■ **Assignment**
Repetition must be exact and must stop with the line bearing "Laptop Mockup Web Promo". It begins at the first line of the records and includes no pictures.

──────────────────────────────

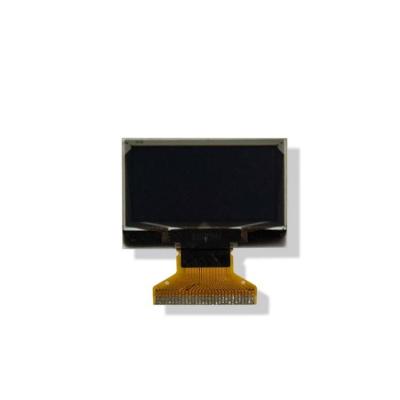 China 1.3 Inch White PMOLED Display 128x64 Dots 30PINS I2C Interface with Driver IC SH1106G for sale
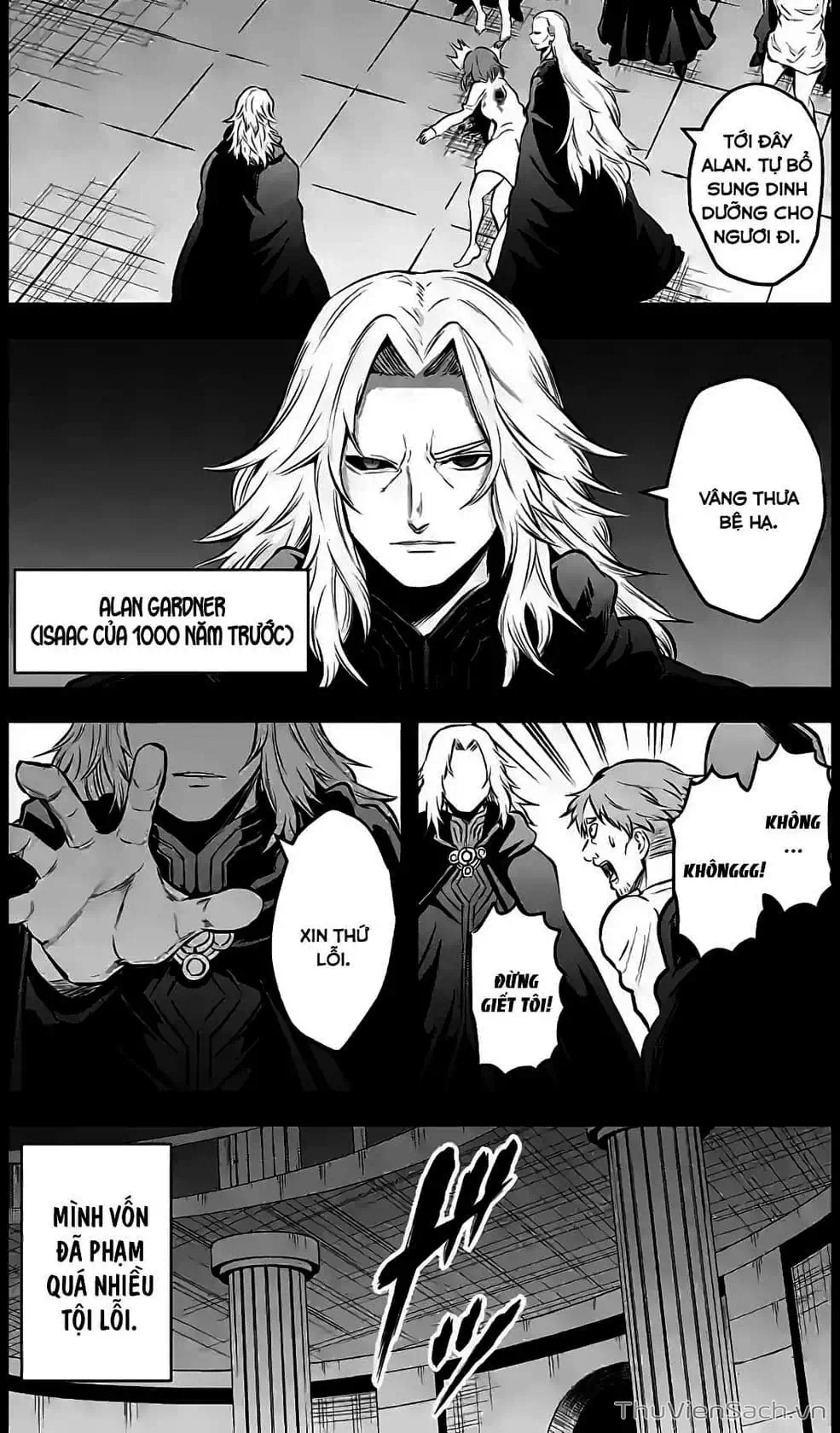 Truyện Tranh Anh Hùng Chết Yểu - Yuusha Ga Shinda trang 7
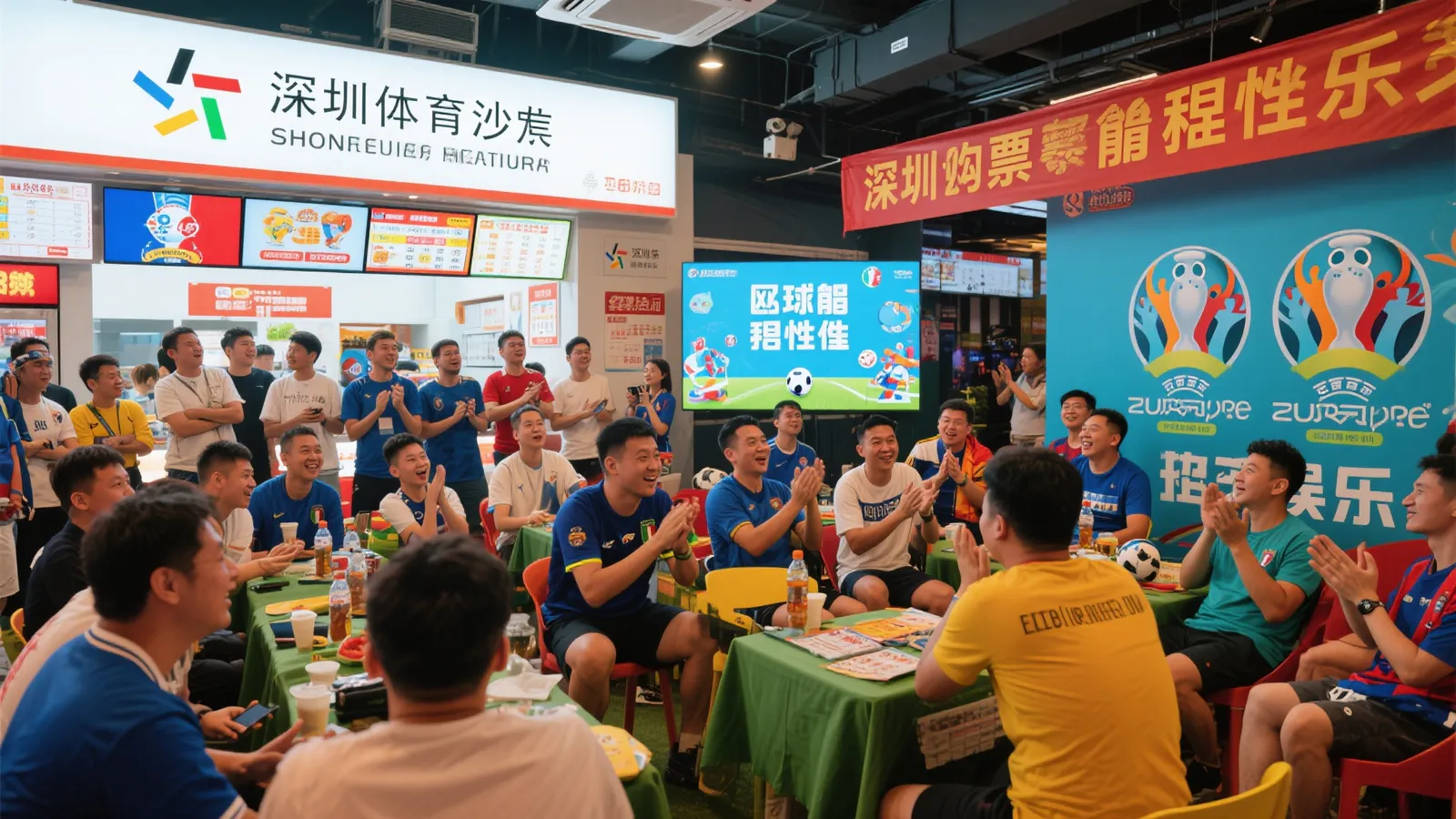 理性购彩，畅享欧洲杯 深圳体彩沙龙活动邀您参与！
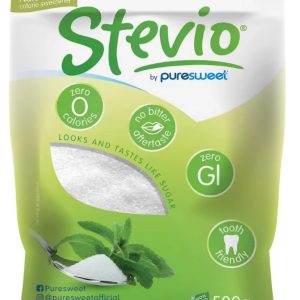 Stevio® Premium Stevia Sweetener 500g, Tastes Like Sugar, Diabetic Friendly.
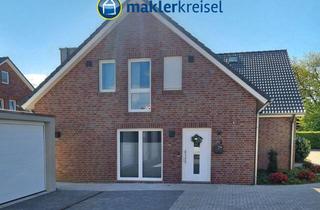 Haus kaufen in 26427 Esens, Top Lage: Moderne Haushälfte mit EBK und Garage als Kapitalanlage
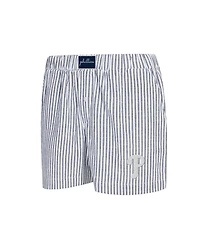 Concepts Sport Women's 2-Piece Navy/White Philadelphia Phillies Copeland Cropped T-Shirt and Shorts Set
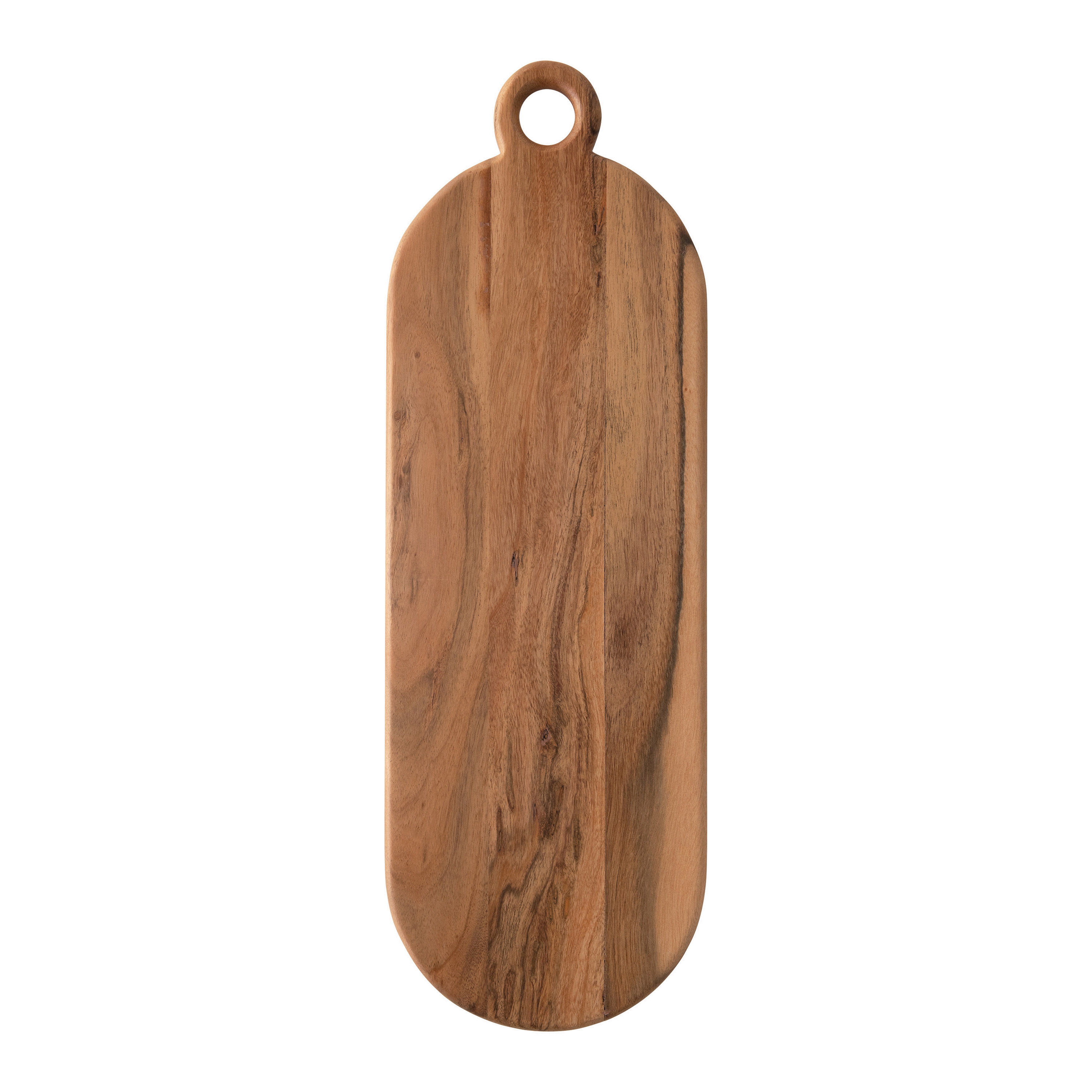 Acacia Wood Cheese/Cutting Board with Handle - Image 0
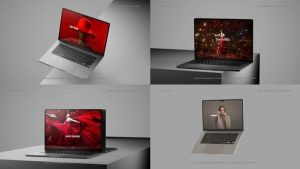 Laptop Mockup Web Promo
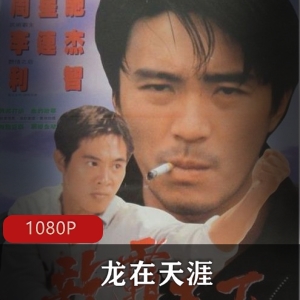 《龙在天涯》：李连杰周星驰联手，美国警匪追逐，经典武术场景，1989年香港电影
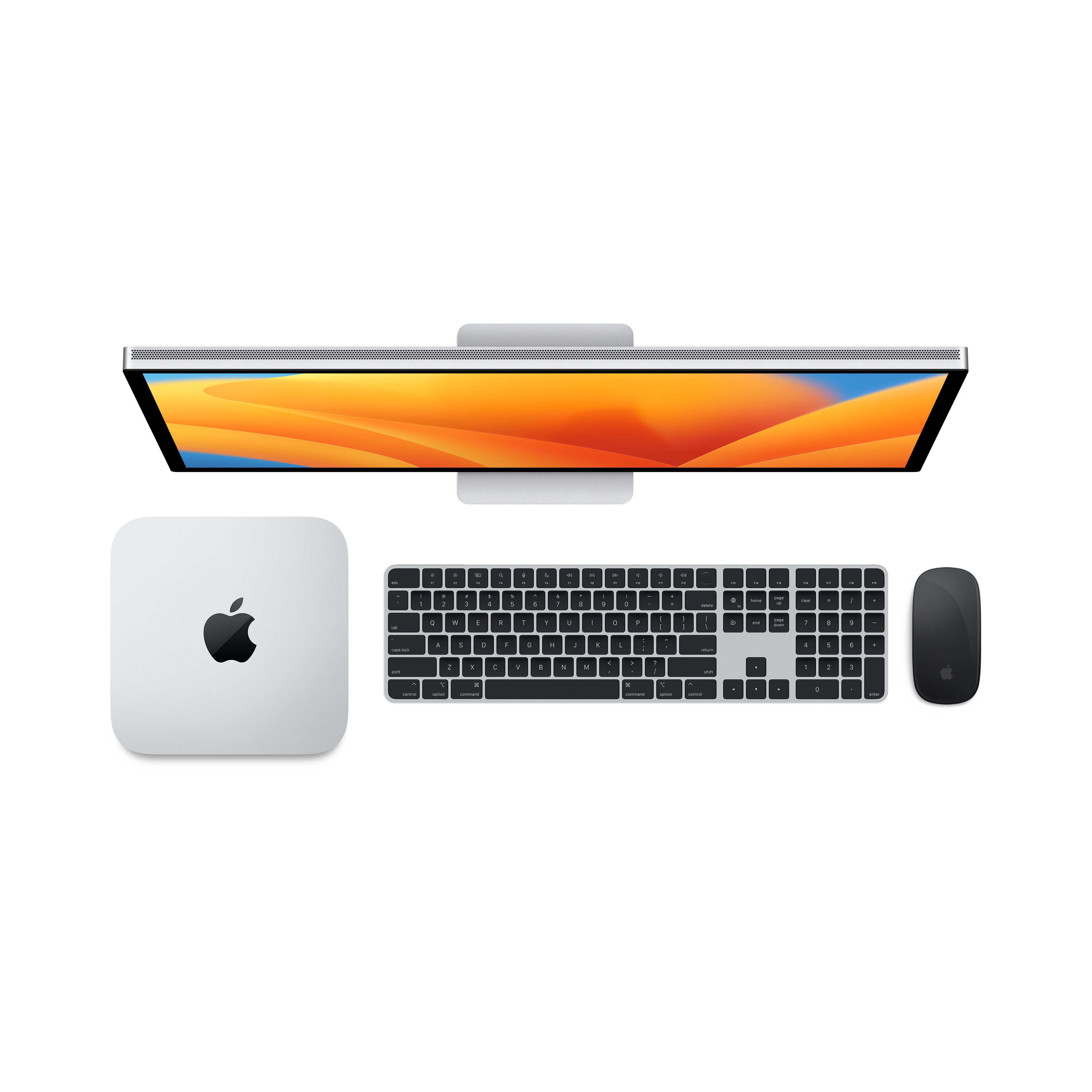 Mac mini M2 Pro chip with 10‑core CPU and 16‑core GPU, 16GB RAM, 512GB SSD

──────────────────────────────

■ **Solution**
 China 1.3 Inch White PMOLED Display 128x64 Dots 30PINS I2C Interface with Driver IC SH1106G for sale
 Truyện Tranh Anh Hùng Chết Yểu - Yuusha Ga Shinda trang 7
 理性购彩，畅享欧洲杯 深圳体彩沙龙活动邀您参与！
 Stevio® Premium Stevia Sweetener 500g, Tastes Like Sugar, Diabetic Friendly.
 Haus kaufen in 26427 Esens, Top Lage: Moderne Haushälfte mit EBK und Garage als Kapitalanlage
 Concepts Sport Women's 2-Piece Navy/White Philadelphia Phillies Copeland Cropped T-Shirt and Shorts Set
 Acacia Wood Cheese/Cutting Board with Handle - Image 0
 Laptop Mockup Web Promo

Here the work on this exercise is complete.